In Danger: A Pasolini Anthology presents the first translations of much of Pasolini's work in English, and although the book covers a dizzying amount of ground from poetry to polemics, it's a valuable resource toward an understanding of the Italian multi-media artist, who relished confronting realism with firebrand idealism and constantly questioned the effect of mainstream culture on human values.
This constant shift toward extremes of thought kept even his admirers off balance, and it may not be unrelated that his murder at the age of 53 remains a mystery of unresolved motive, an un-captured assailant, and a creative life cut short just at the point of a robust middle-age. Many point to his final essay, "What Is This Coup? I Know," as a cause of his final confrontation between art and life in a polarized and very politicized Italy.
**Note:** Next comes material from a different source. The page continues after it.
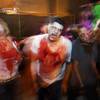 Photo: Zombies menace guests going through the Haunted Al Photo: Zombies menace guests going through the Haunted Al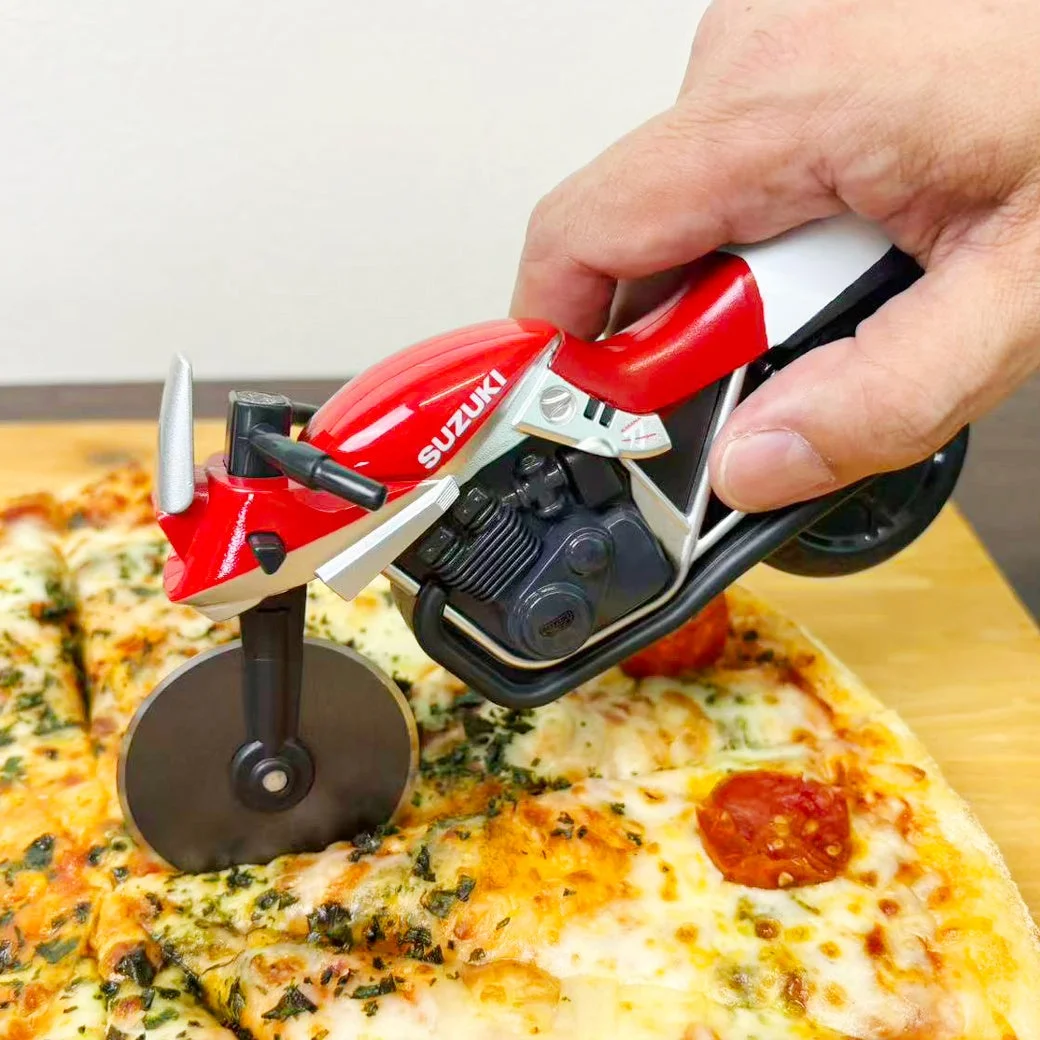 赤いピザカッターナでピザをカットする様子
These personal politics make Pasolini's inscrutable creativity a great source of intellectual challenge and interest for his translators and others interested in Pasolini's creative process. He was willing to consider many ideas in his desire to understand the simple thing that art creates: a reaction, no matter how inexplicable or iinescapable. Jack Hirschman, himself a multi-faceted artist, has edited these translations not so much with an eye toward easy comprehension (which Pasolini himself would likely abhor) but with a depth of feeling in the language, a sorting-out of ideas.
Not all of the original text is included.